Sunday, October 3, 2010

Open Wide


Spoon feeding
In actuality, during the first part of my life I was spoon-fed probably 7% of the Bible over and over and over. Taken out of the Bible “bowl” and fed to me by caring teachers, preachers, parents, youth counselors. Heck, up until about 20 years ago, I did the feeding. Taking a popular passage or theme and neatly dicing it into manageable, tasteful bites for my adult class.
Lately though, using the lectionary to teach from, I have faced some pretty challenging passages in the Bible. Now it was tempting to take that bite-size morsel and dress it up with some new twist or take and feed them the same verse again, but I couldn’t do it. It was not the text or the verse, it is me. My tastes have changed.
At first, I would leave the verse where it lay and try to work out the surrounding scripture into some type of acceptable compliment. You know, make it behave and mean just exactly what I had always felt the central verse had always meant to me, traditionally. But that did not work. Like a cowlick in your hair, I just could not make it lay there. It just kept sticking out.

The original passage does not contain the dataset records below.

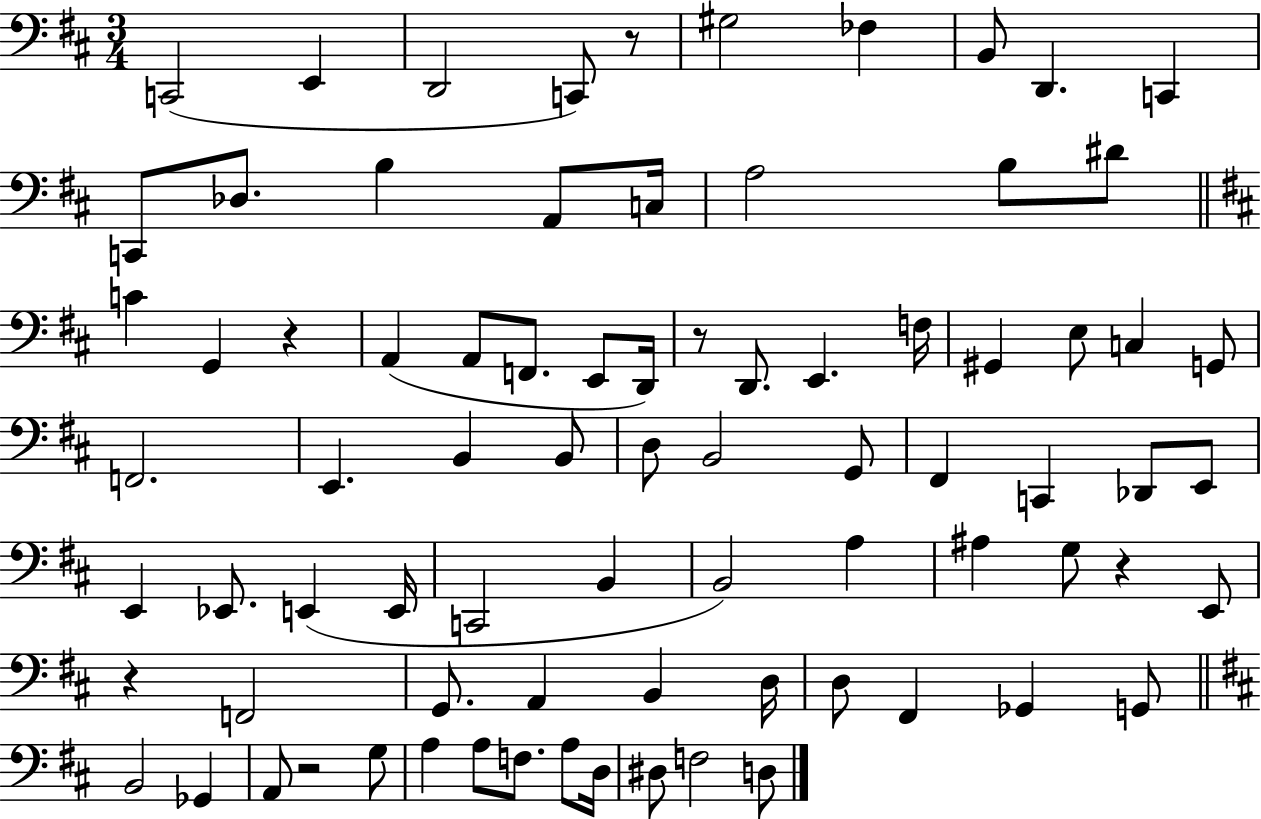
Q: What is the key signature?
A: D major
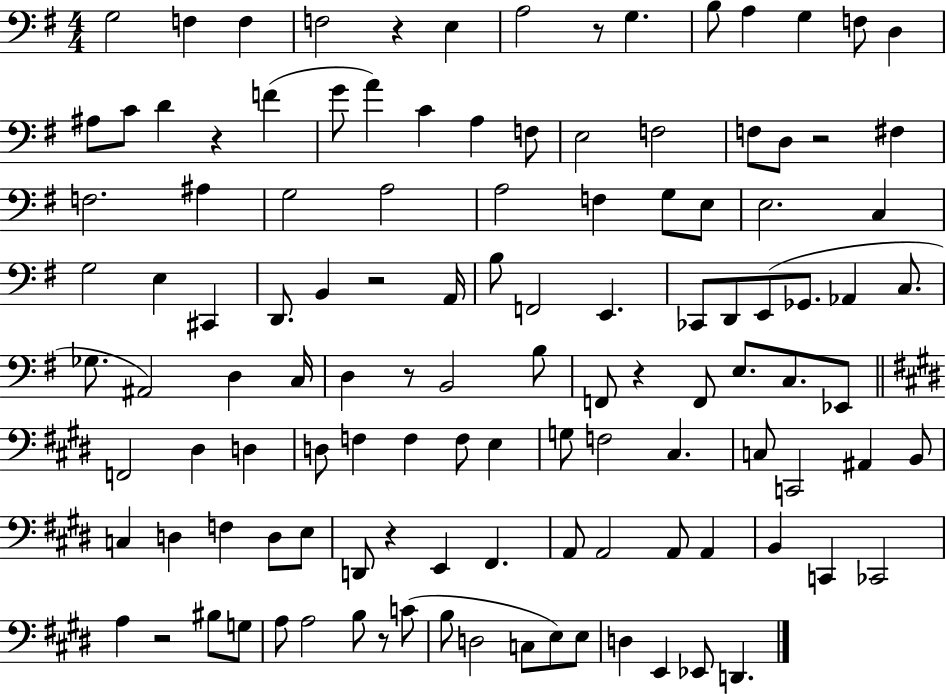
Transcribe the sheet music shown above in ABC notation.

X:1
T:Untitled
M:4/4
L:1/4
K:G
G,2 F, F, F,2 z E, A,2 z/2 G, B,/2 A, G, F,/2 D, ^A,/2 C/2 D z F G/2 A C A, F,/2 E,2 F,2 F,/2 D,/2 z2 ^F, F,2 ^A, G,2 A,2 A,2 F, G,/2 E,/2 E,2 C, G,2 E, ^C,, D,,/2 B,, z2 A,,/4 B,/2 F,,2 E,, _C,,/2 D,,/2 E,,/2 _G,,/2 _A,, C,/2 _G,/2 ^A,,2 D, C,/4 D, z/2 B,,2 B,/2 F,,/2 z F,,/2 E,/2 C,/2 _E,,/2 F,,2 ^D, D, D,/2 F, F, F,/2 E, G,/2 F,2 ^C, C,/2 C,,2 ^A,, B,,/2 C, D, F, D,/2 E,/2 D,,/2 z E,, ^F,, A,,/2 A,,2 A,,/2 A,, B,, C,, _C,,2 A, z2 ^B,/2 G,/2 A,/2 A,2 B,/2 z/2 C/2 B,/2 D,2 C,/2 E,/2 E,/2 D, E,, _E,,/2 D,,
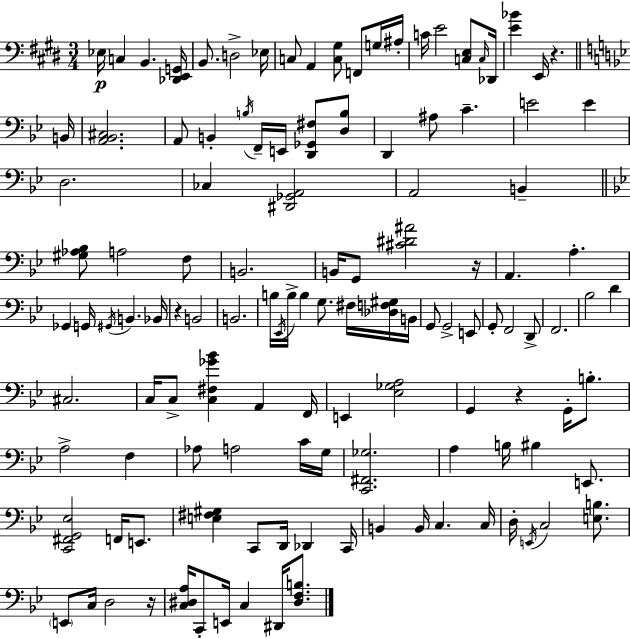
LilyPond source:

{
  \clef bass
  \numericTimeSignature
  \time 3/4
  \key e \major
  ees16\p c4 b,4. <des, e, g,>16 | b,8. d2-> ees16 | c8 a,4 <c gis>8 f,8 g16 ais16-. | c'16 e'2 <c e>8 \grace { c16 } | \break des,16 <e' bes'>4 e,16 r4. | \bar "||" \break \key g \minor b,16 <a, bes, cis>2. | a,8 b,4-. \acciaccatura { b16 } f,16-- e,16 <d, ges, fis>8 | <d b>8 d,4 ais8 c'4.-- | e'2 e'4 | \break d2. | ces4 <dis, ges, a,>2 | a,2 b,4-- | \bar "||" \break \key g \minor <gis aes bes>8 a2 f8 | b,2. | b,16 g,8 <cis' dis' ais'>2 r16 | a,4. a4.-. | \break ges,4 g,16 \acciaccatura { gis,16 } b,4. | bes,16 r4 b,2 | b,2. | b16 \acciaccatura { ees,16 } b16-> b4 g8. fis16 | \break <des f gis>16 b,16 g,8 g,2-> | e,8 g,8-. f,2 | d,8-> f,2. | bes2 d'4 | \break cis2. | c16 c8-> <c fis ges' bes'>4 a,4 | f,16 e,4 <ees ges a>2 | g,4 r4 g,16-. b8.-. | \break a2-> f4 | aes8 a2 | c'16 g16 <c, fis, ges>2. | a4 b16 bis4 e,8. | \break <c, fis, g, ees>2 f,16 e,8. | <e fis gis>4 c,8 d,16 des,4 | c,16 b,4 b,16 c4. | c16 d16-. \acciaccatura { e,16 } c2 | \break <e b>8. \parenthesize e,8 c16 d2 | r16 <c dis a>16 c,8-. e,16 c4 dis,16 | <dis f b>8. \bar "|."
}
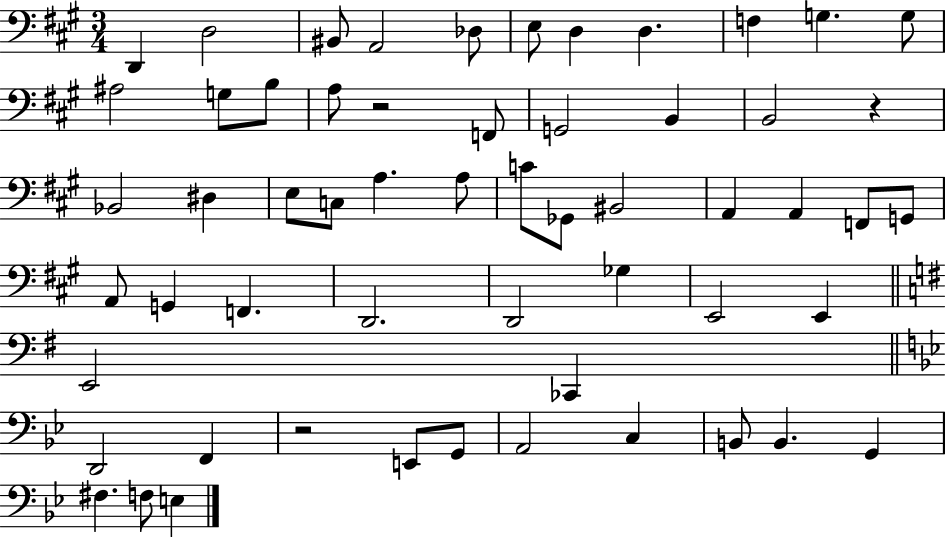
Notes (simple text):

D2/q D3/h BIS2/e A2/h Db3/e E3/e D3/q D3/q. F3/q G3/q. G3/e A#3/h G3/e B3/e A3/e R/h F2/e G2/h B2/q B2/h R/q Bb2/h D#3/q E3/e C3/e A3/q. A3/e C4/e Gb2/e BIS2/h A2/q A2/q F2/e G2/e A2/e G2/q F2/q. D2/h. D2/h Gb3/q E2/h E2/q E2/h CES2/q D2/h F2/q R/h E2/e G2/e A2/h C3/q B2/e B2/q. G2/q F#3/q. F3/e E3/q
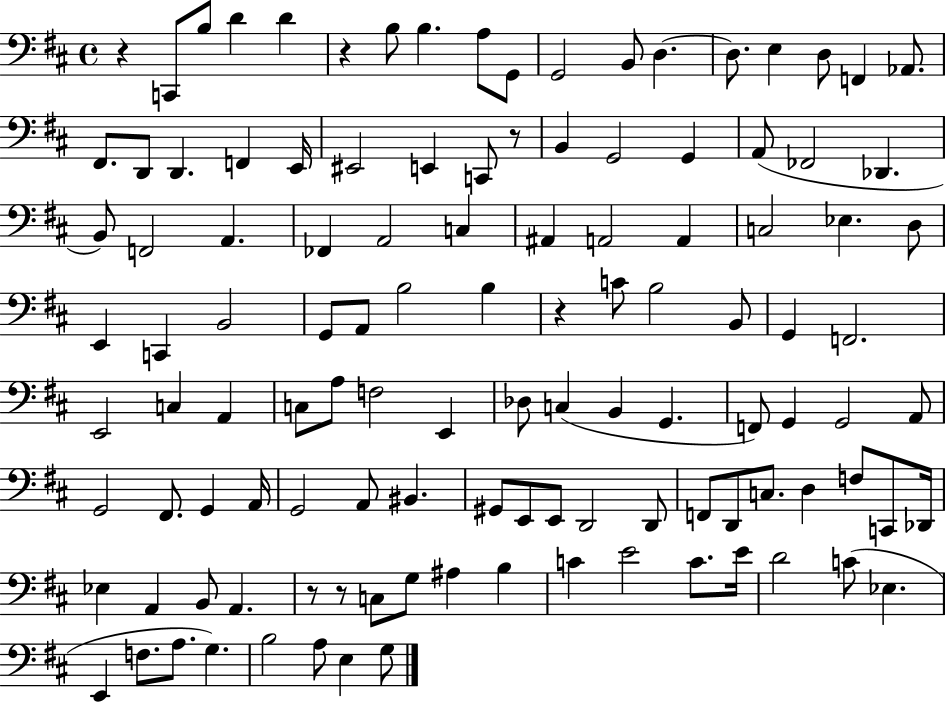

It was so tempting to sweep the tough parts under the spiritual carpet, but I could not do that either. So I served up the dish at the first of the week and just mulled it over with God. No commentaries, no former ideas, no throw down lessons from the past. Just let it sit and ferment. And it always (so far) comes out good. No better than good. God always shows me something I had failed to see before. In fact, He shows me that the best stuff is found in the hardest to reach. Like a hard pecan shell that you have to crack and then dig out the soft moist nut meat because that is the only way you can get to it. So worth the work and the wait.